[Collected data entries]

§

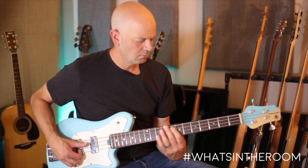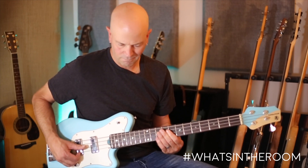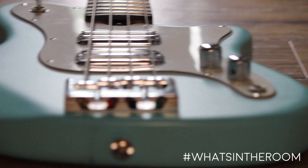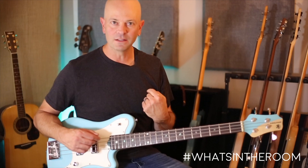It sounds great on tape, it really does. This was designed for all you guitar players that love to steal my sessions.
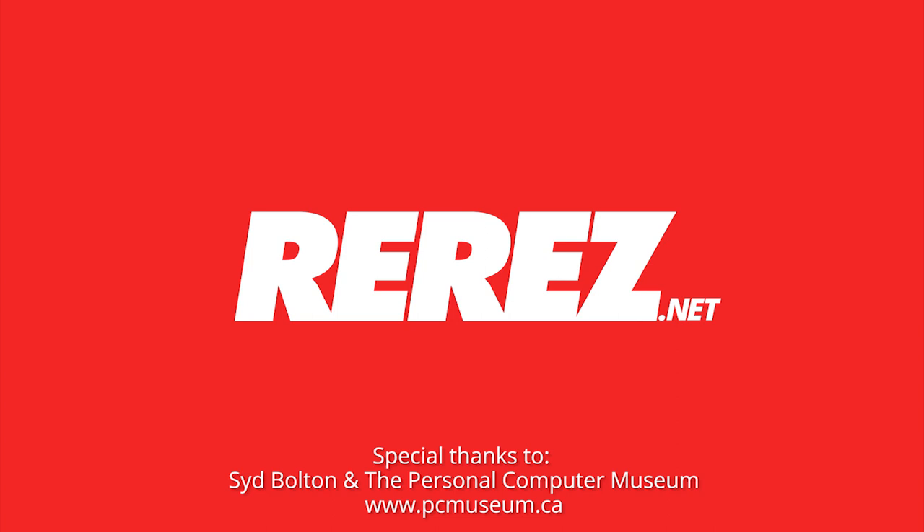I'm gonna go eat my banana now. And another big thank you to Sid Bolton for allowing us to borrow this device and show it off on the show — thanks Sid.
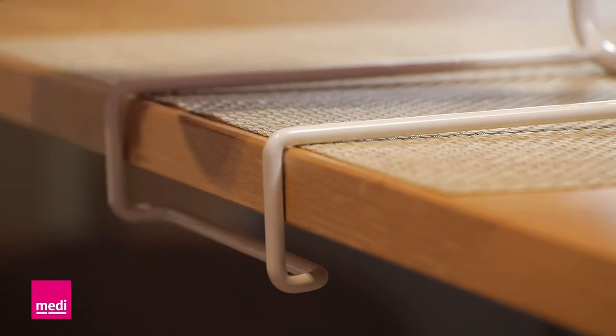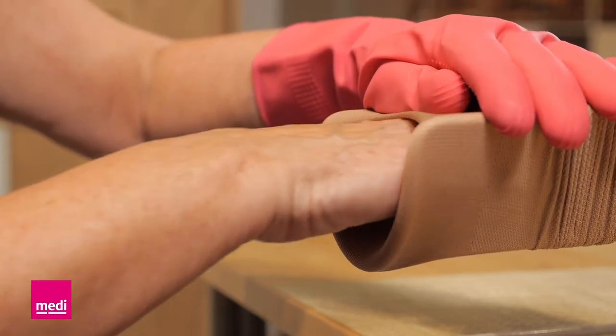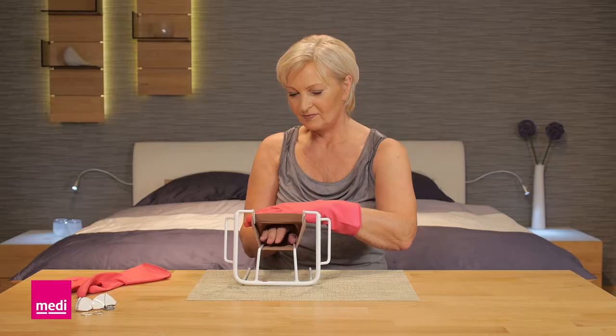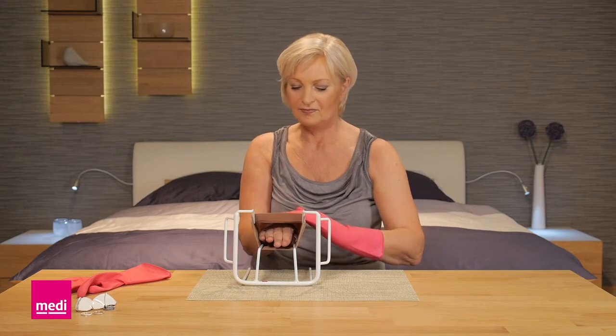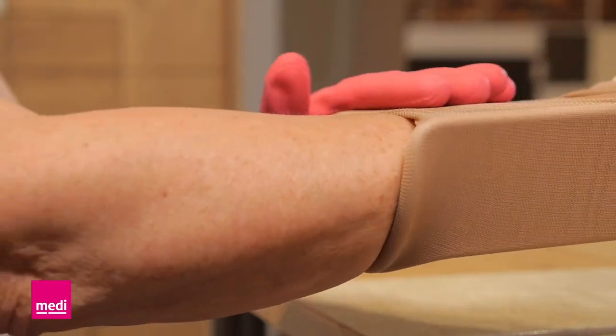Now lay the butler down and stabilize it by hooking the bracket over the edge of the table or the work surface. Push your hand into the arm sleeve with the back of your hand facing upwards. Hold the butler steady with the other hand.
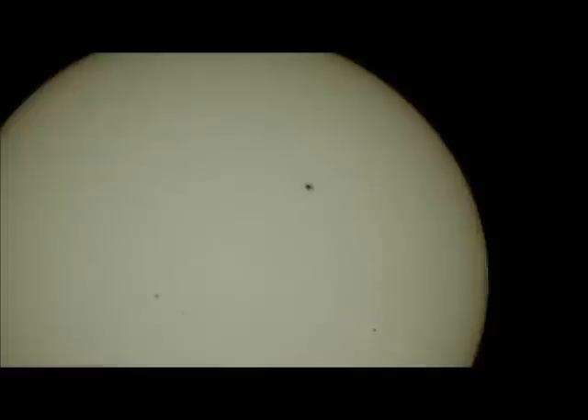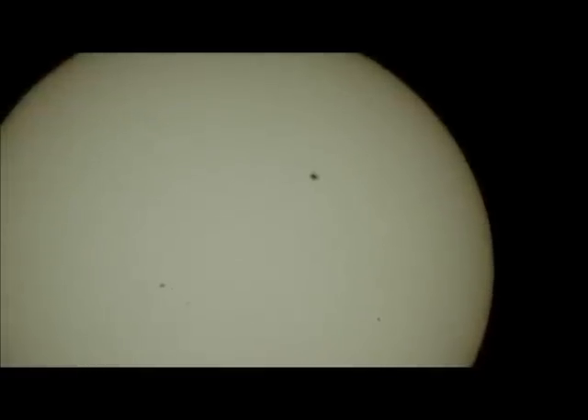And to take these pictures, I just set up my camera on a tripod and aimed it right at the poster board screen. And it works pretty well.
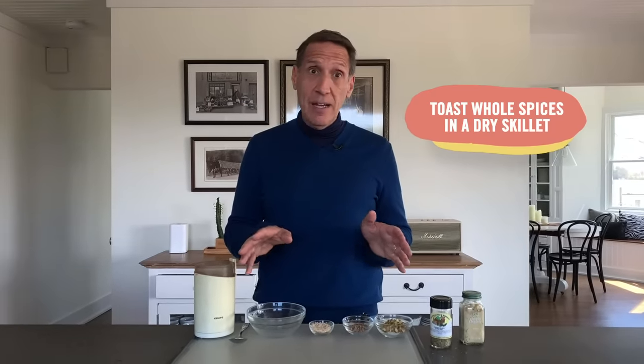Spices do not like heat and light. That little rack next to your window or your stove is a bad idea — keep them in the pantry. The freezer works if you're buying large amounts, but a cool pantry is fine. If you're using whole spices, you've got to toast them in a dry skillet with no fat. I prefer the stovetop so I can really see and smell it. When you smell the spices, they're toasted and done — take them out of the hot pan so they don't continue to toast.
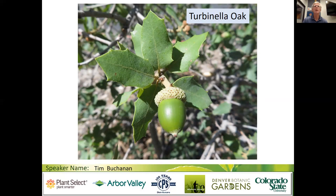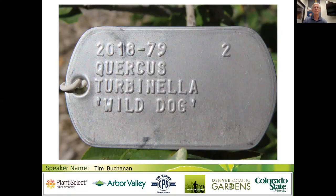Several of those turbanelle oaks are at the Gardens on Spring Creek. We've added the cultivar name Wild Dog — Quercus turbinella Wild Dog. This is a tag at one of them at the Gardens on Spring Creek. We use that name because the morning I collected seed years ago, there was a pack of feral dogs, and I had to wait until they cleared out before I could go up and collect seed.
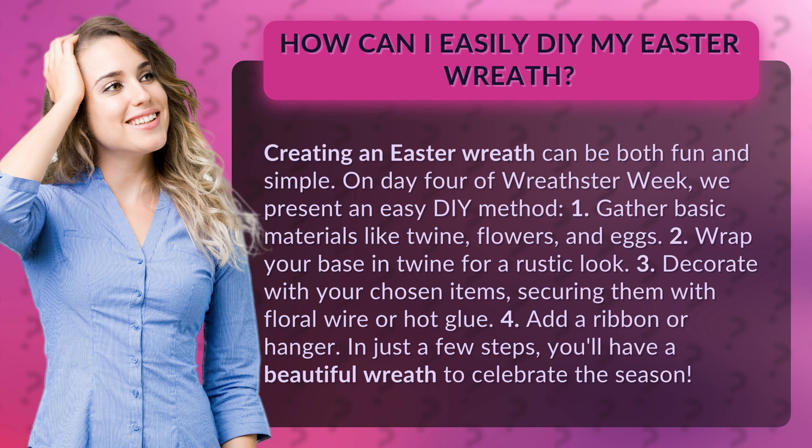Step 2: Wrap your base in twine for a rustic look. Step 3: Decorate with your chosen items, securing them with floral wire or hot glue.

§

Task item
From the records above, copy exactly the lines starting at the one with "Now lay the" and ending at the one with "Spices do not", and no others. Pictures stay out.

Answer below
Now lay the butler down and stabilize it by hooking the bracket over the edge of the table or the work surface. Push your hand into the arm sleeve with the back of your hand facing upwards. Hold the butler steady with the other hand.
And to take these pictures, I just set up my camera on a tripod and aimed it right at the poster board screen. And it works pretty well.
Spices do not like heat and light. That little rack next to your window or your stove is a bad idea — keep them in the pantry. The freezer works if you're buying large amounts, but a cool pantry is fine. If you're using whole spices, you've got to toast them in a dry skillet with no fat. I prefer the stovetop so I can really see and smell it. When you smell the spices, they're toasted and done — take them out of the hot pan so they don't continue to toast.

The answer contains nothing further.